Consequently, during the process sequence for patterning the gate
electrode structure, the sensitive high-k dielectric material may
be protected by the metal-containing material, possibly in
combination with sophisticated sidewall spacer structures, thereby
substantially avoiding any undue material modification during the
further processing. After patterning the gate electrode structure,
conventional and well-established process techniques for forming
the drain and source regions having the desired complex dopant
profile are typically performed. After any high temperature
processes, the further processing may be continued, for instance,
by forming a metal silicide, if required, followed by the
deposition of an interlayer dielectric material, such as silicon
nitride in combination with silicon dioxide and the like. In this
manufacturing stage, a top surface of the gate electrode structures
embedded in the interlayer dielectric material may be exposed, for
instance by etch techniques, chemical mechanical polishing (CMP)

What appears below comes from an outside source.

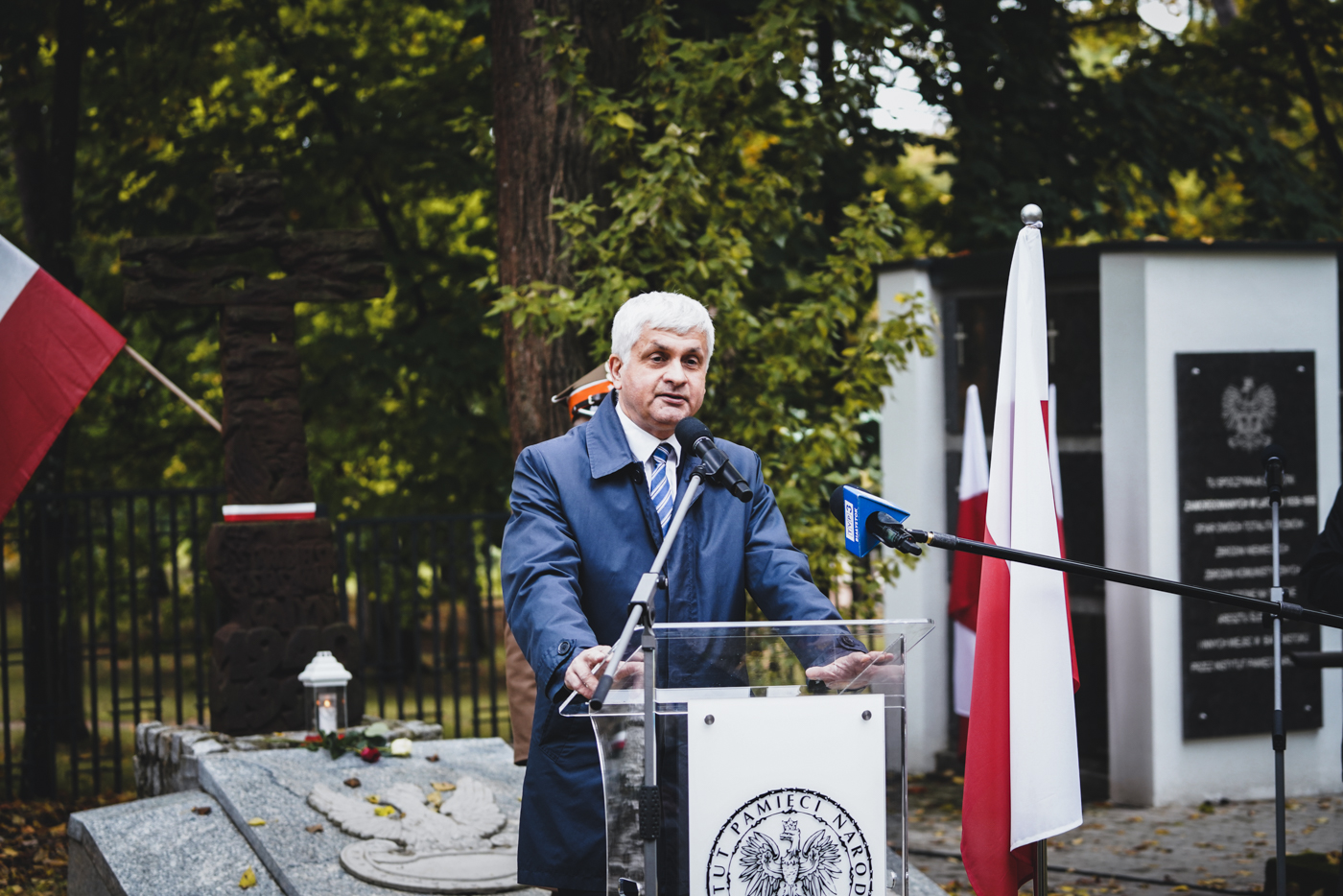 Upamiętniliśmy Ofiary zbrodni totalitarnych reżimów – fot. Mateusz Niegowski/BUWiM IPN Upamiętniliśmy Ofiary zbrodni totalitarnych reżimów – fot. Mateusz Niegowski/BUWiM IPN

and the like. In many cases, the polysilicon material may be
removed in both types of gate electrode structures in a common etch
process and thereafter an appropriate masking regime may be applied
in order to selectively fill in an appropriate metal, which may be
accomplished by filling in the first metal species and selectively
removing the metal species from one of the gate electrode
structures. Thereafter, a further metal material may be deposited,
thereby obtaining the desired work function for each type of
transistor.
[0011] Although, in general, this approach may provide advantages
in view of reducing process-related non-uniformities in the
threshold voltages of the transistors since the high-k dielectric
material may be reliably encapsulated during the entire process
sequence without requiring an adjustment of the work function and
thus the threshold voltage at an early manufacturing stage, the
complex process sequence for removing the placeholder material and
providing appropriate work function materials for the different
types of transistors may also result in a significant degree of
variability of the transistor characteristics, which may thus
result in offsetting at least some of the advantages obtained by
the common processing of the gate electrode structures until the
basic transistor configuration is completed. With reference to
FIGS. 1a-1b, a typical conventional process strategy will be
described in order to illustrate in more detail any problems
related to the provision of work function materials for P-channel
transistors and N-channel transistors on the basis of a replacement
gate approach.
[0012] FIG. 1a schematically illustrates a cross-sectional view of
a sophisticated semiconductor device 100 in an advanced
manufacturing stage, i.e., in a manufacturing stage in which a
first transistor 150A, such as a P-channel transistor, and a second
transistor 150B, such as an N-channel transistor, are formed in and
above active regions 103A, 103B. The active regions 103A, 103B are
laterally delineated by isolation structures (not shown) within a
semiconductor layer 103, such as a silicon-based semiconductor
material. The semiconductor layer 103 is formed above a substrate
101, such as a silicon bulk substrate, a silicon-on-insulator (SOI)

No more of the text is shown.